Items from a dataset

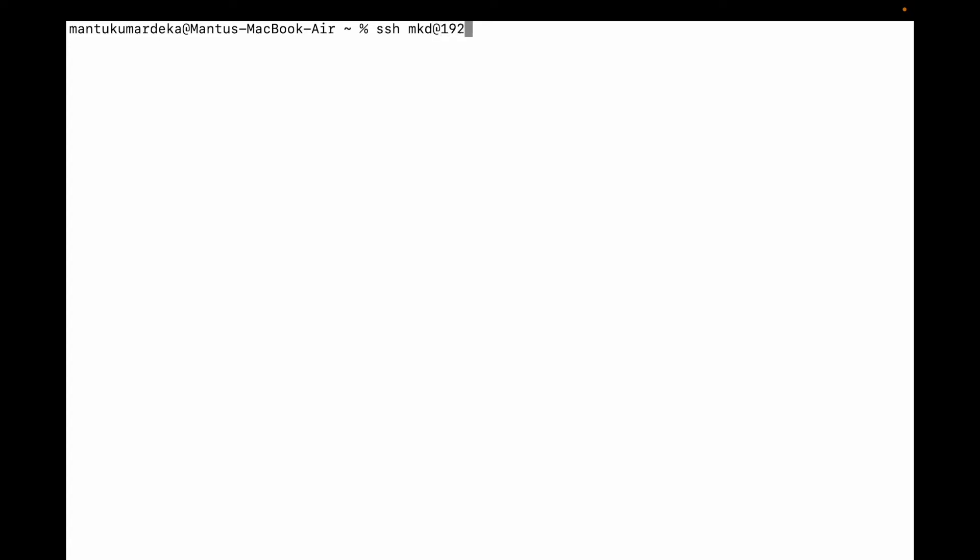I need to connect it from here. What you need to do is type SSH, then username of your VM, then @ and then IP: 192.168.65.12.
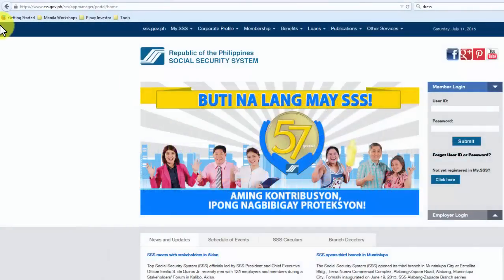First of all, you need to click on Mozilla because that's what we're going to use to access the website. If you're not familiar with Mozilla Firefox, it's another web browser used to browse websites on the Internet, similar to Internet Explorer, Google Chrome, Opera, or Safari.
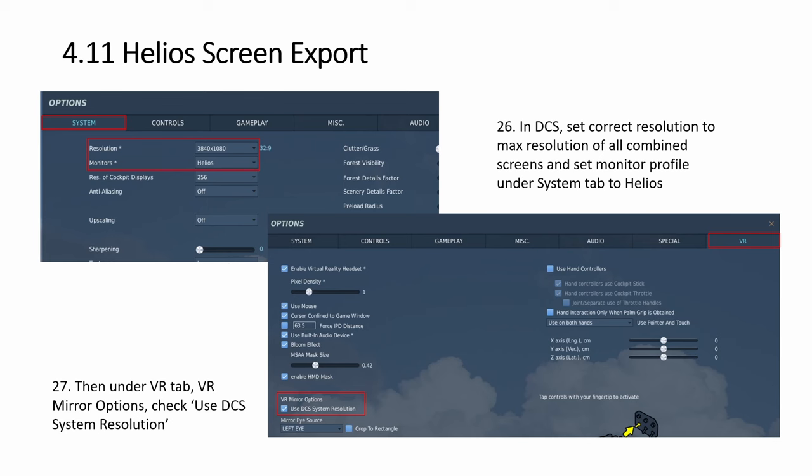A few more things to take note your resolution. You want to select the maximum, which in this example is the combination of three monitors, 3200 plus another 800. So 3840 by 1080. Then your monitor here. There will be many combination. We are using Helios. So choose Helios. Then over here, the VR tab, you make sure that you check this use DCS system resolution. If you don't do this, then your Helios might not work.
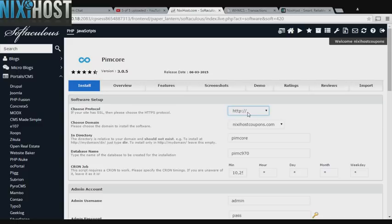If you have an SSL certificate, you can change the protocol to HTTPS. Otherwise, leave this default.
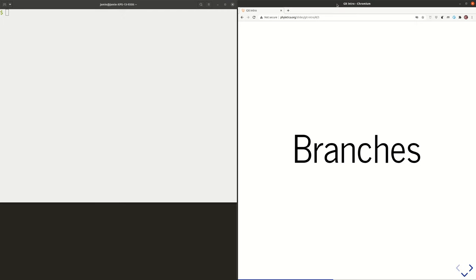Welcome back. In this video, we're going to talk about branches in Git. You might remember from the previous videos there were several places where Git was providing information in the standard output, and it mentioned something about a branch called master. I told you not to worry about that — we didn't know anything about branches yet. So now we're going to talk about what branches are and how to use them.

What is being asked
Word for word, retype all of the data above, but include no pictures.

Completed exercise
I need to connect it from here. What you need to do is type SSH, then username of your VM, then @ and then IP: 192.168.65.12.
First of all, you need to click on Mozilla because that's what we're going to use to access the website. If you're not familiar with Mozilla Firefox, it's another web browser used to browse websites on the Internet, similar to Internet Explorer, Google Chrome, Opera, or Safari.
A few more things to take note your resolution. You want to select the maximum, which in this example is the combination of three monitors, 3200 plus another 800. So 3840 by 1080. Then your monitor here. There will be many combination. We are using Helios. So choose Helios. Then over here, the VR tab, you make sure that you check this use DCS system resolution. If you don't do this, then your Helios might not work.
If you have an SSL certificate, you can change the protocol to HTTPS. Otherwise, leave this default.
Welcome back. In this video, we're going to talk about branches in Git. You might remember from the previous videos there were several places where Git was providing information in the standard output, and it mentioned something about a branch called master. I told you not to worry about that — we didn't know anything about branches yet. So now we're going to talk about what branches are and how to use them.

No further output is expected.